You know, Kepler-22b? The superearth orbiting in a G type star's
"Goldilocks zone" some 600 light years from here? Uh? Superearth? A
radius 2.4 times that of the Earth's? Goldilocks Zone? Orbiting the star
where liquid water is possible on the surface of the planet? You are
keeping up on the science news, right?
So, the idea is
suddenly this is Earth's twin and there could be life there. Provided,
of course, this planet has the right mass, which we can't tell. I mean,
it's fucking amazing that they can tell how big it is, from three
thousand five hundred twenty-six trillion miles away. (No,
really, don't let the budget "crisis" fool you, that's a big fucking
number). But what they don't know is the planet's mass, because it could
be, like some health-conscious German stool inspection category:
watery, gassy, or solid, which is to say, rocky.
Now, if it is watery, it can't have too much water, otherwise it will undoubtedly have an ocean several hundred miles deep, and at the bottom of that ocean will be a peculiar form of pressurized ice.

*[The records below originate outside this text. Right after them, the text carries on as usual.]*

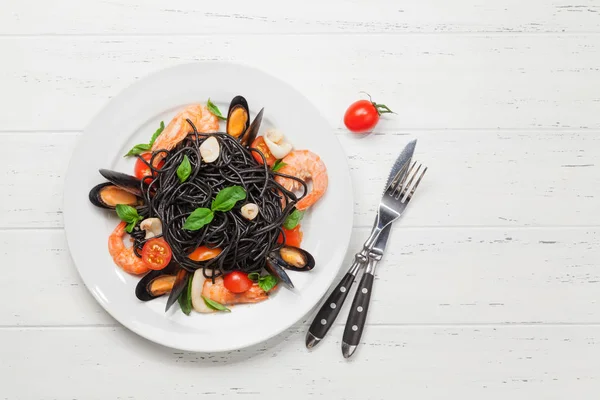 Schwarze Spaghetti Mit Meeresfrüchten Tomaten Und Basilikum Draufsicht Flach Lag — Stockfoto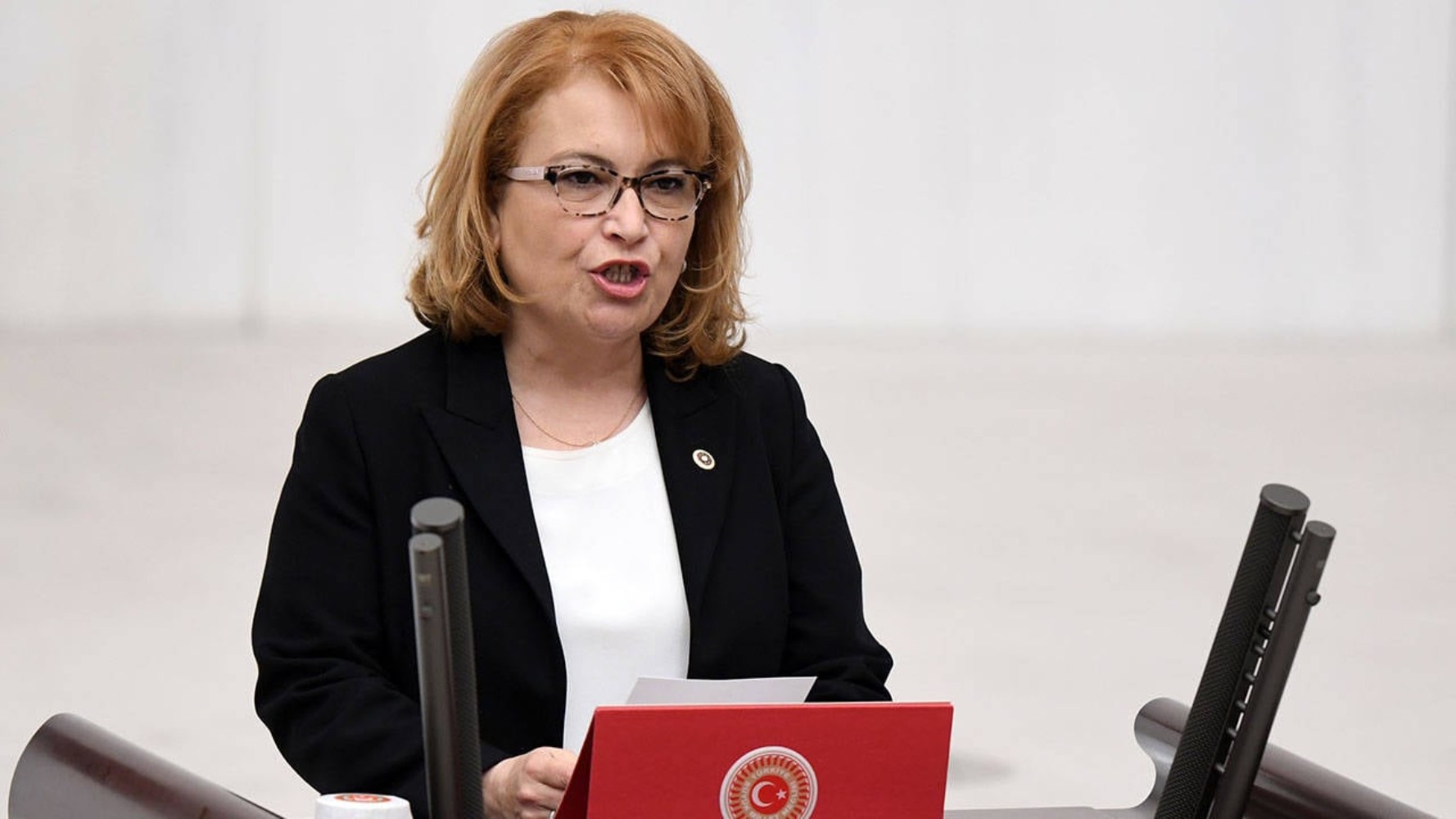 Özgür Özel'in partisinde büyük fire: YENİ Parti'de çerçeve yasaya 'hayır' diyen milletvekilleri belli oldu
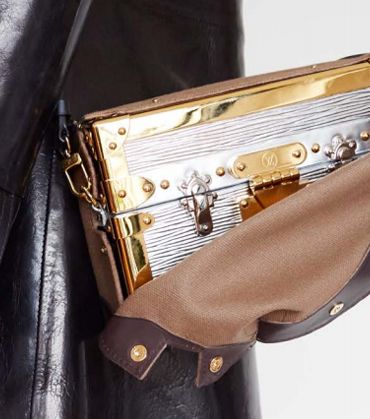 من الشنط الرائجة في شتاء 2015، حقيبة لويس فويتون Petite Malle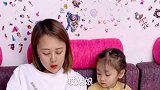 萌宝与妈妈的搞笑对话你是怕爸爸还是怕妈妈萌宝的回复绝了！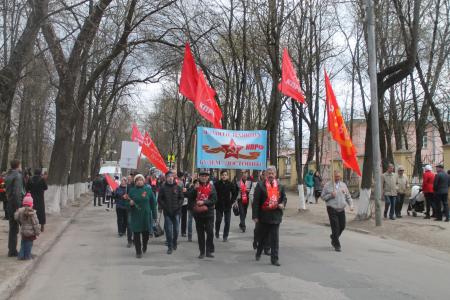 Псковское областное отделение КПРФ приняло участие в праздновании Дня Победы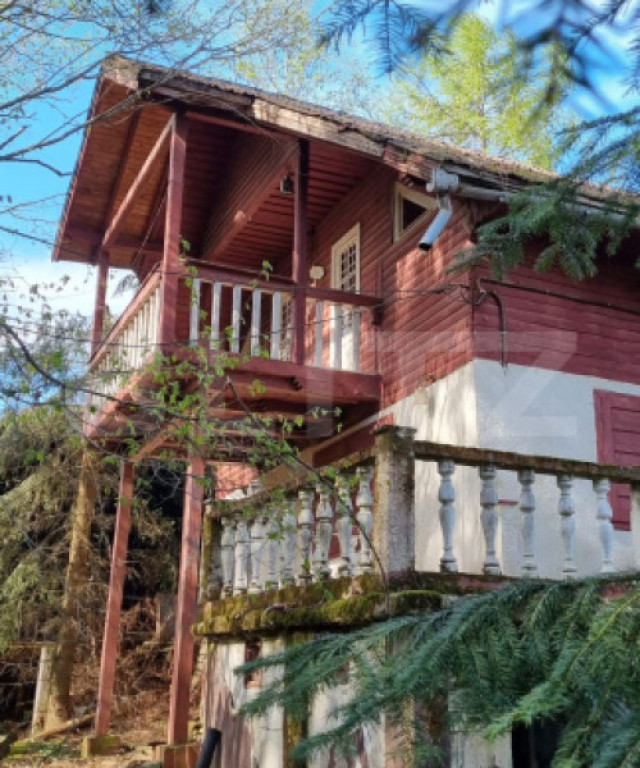 Casă de vânzare, cu 5 camere, 117 mp, zona Valea Rusului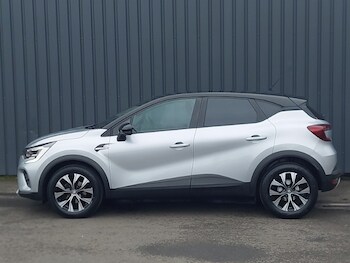 Used Renault Captur 2022 for sale - 77329954: Photo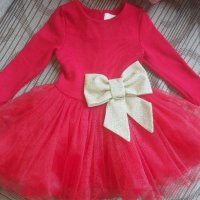 Разкошна червена рокля с панделка 80 размер contrast, снимка 2 - Бебешки рокли - 40094590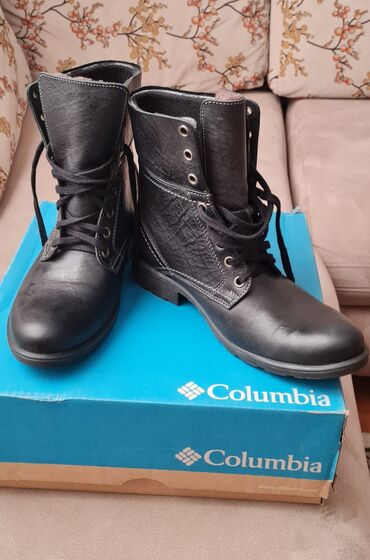 ботинки на шнурках: Merinos firmasınındır,42 razmerdir. Polşadan alınıb, təbii dəridir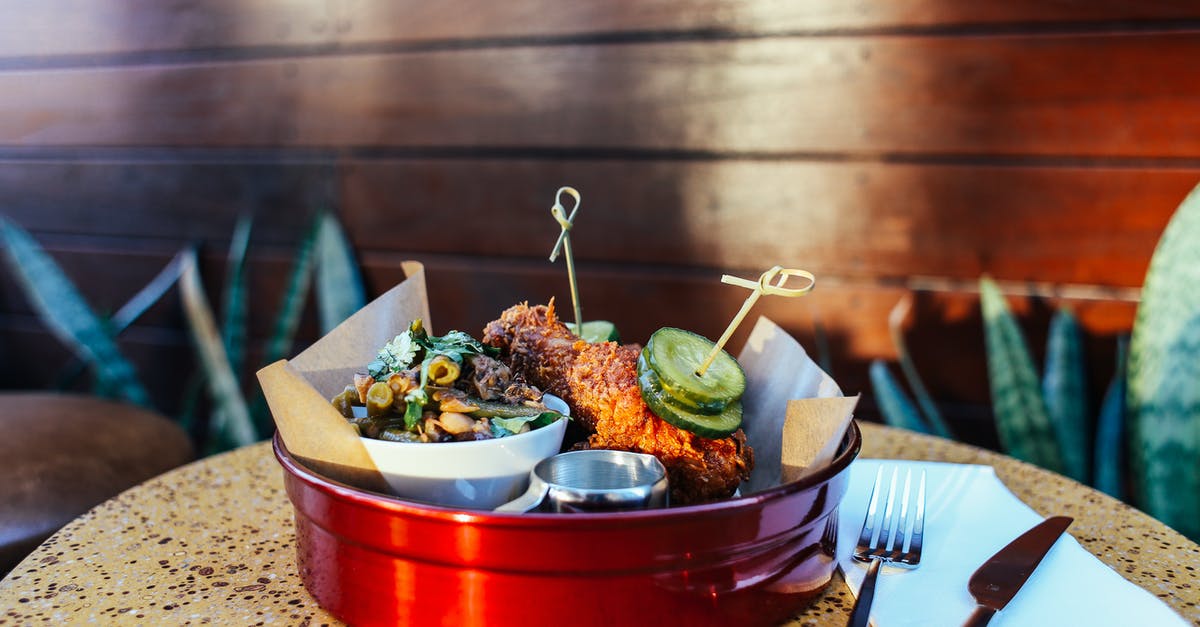 How to know ahead of time if food will be served during a flight? - Gourmet Dinner Served in Bowl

And that's not a good place for terrestrial life to form. Then again,
if it is rocky, then with the radius being what it is, it is more likely
a big super Venus, and that's no place to hang out. And if it is gassy, then it is a mini-Neptune, and again, no place you'd want to spend time at.
But,
what the hell, SETI needs a new pair of shoes, and if they get to use
their radio telescopes to check it out for Space Command for "space
situational awareness", then why not? I can tell them right now, save
them some time, that nope, nobody home. No life. Just like Mars. But
hey, whatever, better to spend the money on that than tax breaks for job
creators, which has done us Earthlings so much good.
And,
you know, Space Command kind of reminds of Alpha Control from the old
"Lost in Space" TV series. The series was just so hokey, not serious
the way Star Trek was, but looking back, I suspect they had a better
take on all things alien out there. Which is, if they are out there (and
Where Are They?), they
really don't give a shit about us. I mean, every time the Robinson's ran
into a technologically superior alien race, which was always, the aliens were about as happy to see them as you are a homeless person wanting to wash your car windshield.
"No. No. No. No. Thank you. NO! Oh. Shit. Fine. Here. Here is some neutronium. Yes. You're welcome".
But
honestly, that's the way it was, well, that and fuses had been invented
so you didn't have sparks flying over the place whenever the power was
turned on. But, hey, cut Irwin Allen some slack. I hear he was as
bugfuck crazy as Mickey Rooney). And all the space alien babes have
super powers and wear capes.
Anyway, Kepler-22b. Nothing there. Okay. Nothing. Except, oh, maybe the Bugs.